POPÜLER KÜLTÜRÜN DOLAŞIMA SOKULMASINDA TELEVİZYON DİZİLERİNİN ROLÜNÜN BAUDRİLLARD EKSENİNDE DEĞERLENDİRİLMESİ

Fatma Altınbaş Sarıgül,
Yard. Doç. Dr., TÜRKİYE, fatos.altinbas@gmail.com

Abstract

Evaluation of the Role of Television Series in Popular Culture’s Got into Circulation in the Line of Baudrillard
Popular culture was able to be dominant against elitist culture in twentieth century. Before the twentieth century, popular culture was prevented from presenting itself as an honourable culture to the society because of the reason that democracy and the other communication channels did not developed enough and also both government and all the communication channels that existed in that time were possessed by producers of the elitist culture.

Through the changing of political and economic conditions, for the approaches other than elitists’ way was cleared to become dominant.

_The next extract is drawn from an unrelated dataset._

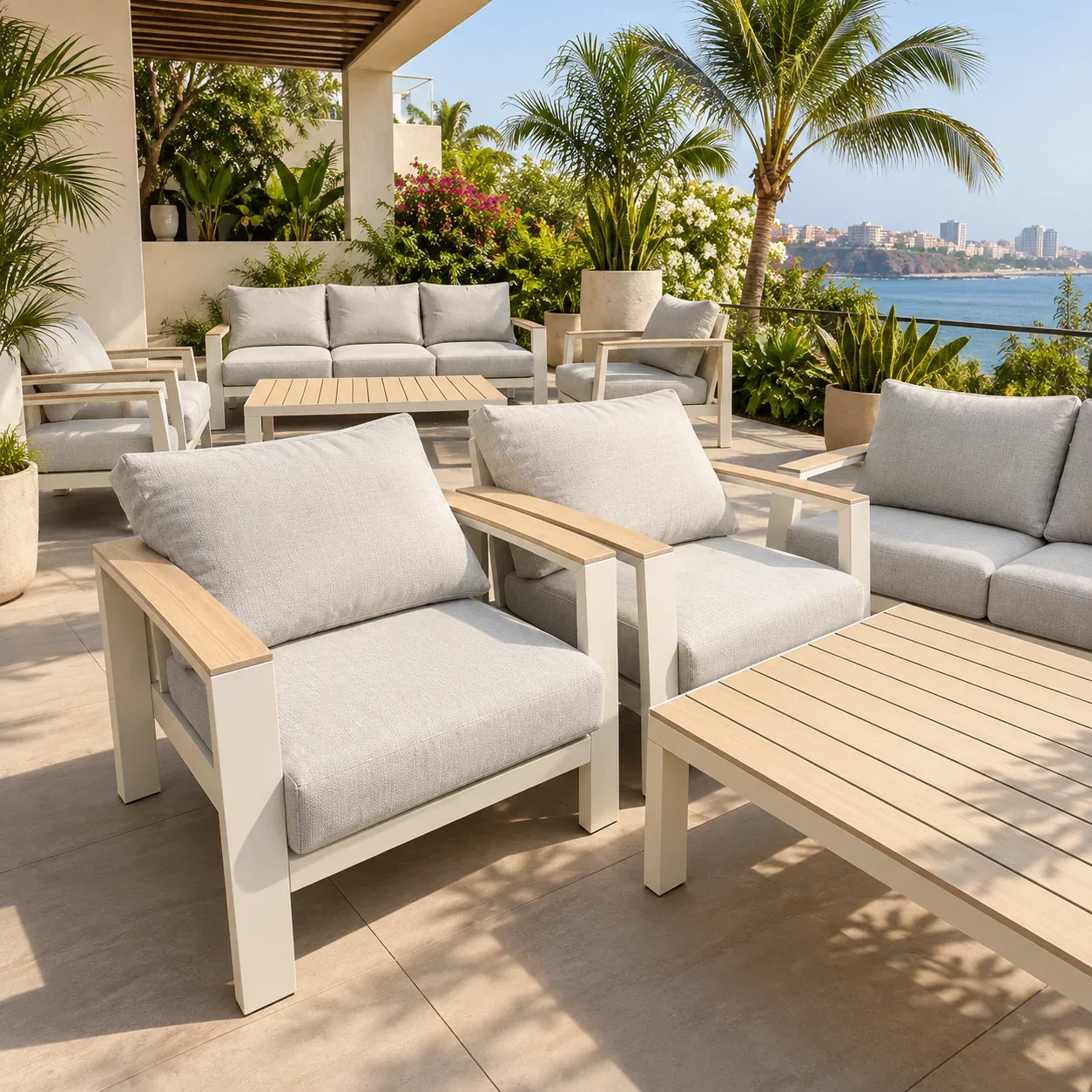 Mobilier extérieur Teck Bianco — en situation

Likewise, it was possible for non-elite staff to gain importance in administration and the distribution of knowledge. The opinion of the mind’s being formed in an elitist way is honourable began to be inverted with the populist approach’s gaining strength.

Contemporaneous to gaining importance of popular culture in plastic arts, performing arts that are based on scenario like theatre, opera, ballet, which appealed to minorities, got off the monopolise of the elite minorities with the invention of cinema and television, massified swiftly and then became enabling to the access of public. Cinema and television moved that movement in the art to every aspect of the daily culture. Thus, popular culture did not remain limited to art, but evolved to a structure that penetrates each area of life.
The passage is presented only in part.